Only the lines below from the one containing "Photo of property" to the one containing "Leche Pascual estrena" should be repeated, both included and unchanged.

SUPPLIED DATA:
■ ■ ■ ■ ■ ■ ■
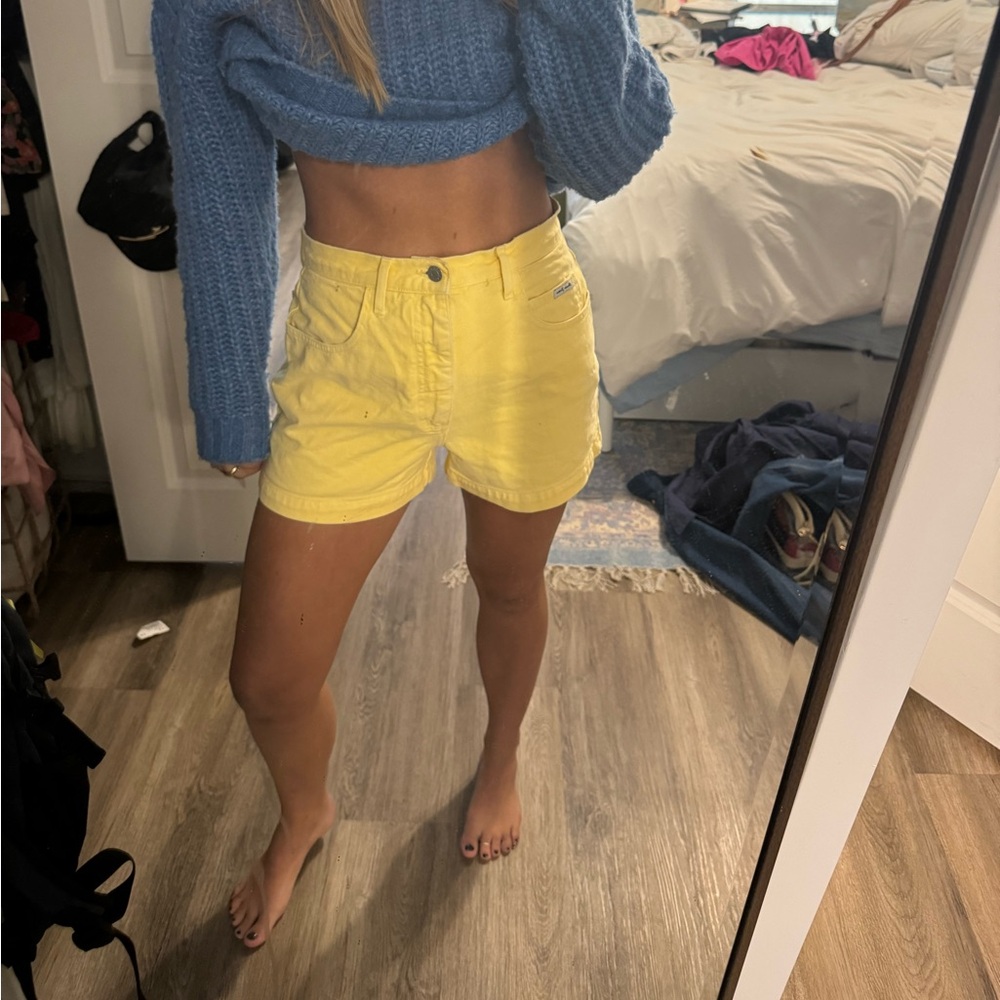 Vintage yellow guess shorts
■ ■ ■ ■ ■ ■ ■
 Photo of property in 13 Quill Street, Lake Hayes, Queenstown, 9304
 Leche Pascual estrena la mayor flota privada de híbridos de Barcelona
■ ■ ■ ■ ■ ■ ■
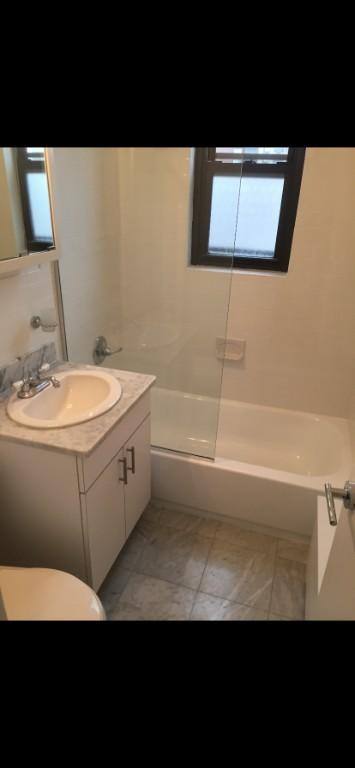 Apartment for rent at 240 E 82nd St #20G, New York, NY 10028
■ ■ ■ ■ ■ ■ ■
SOLUTION FOR THIS TASK:
 Photo of property in 13 Quill Street, Lake Hayes, Queenstown, 9304
 Leche Pascual estrena la mayor flota privada de híbridos de Barcelona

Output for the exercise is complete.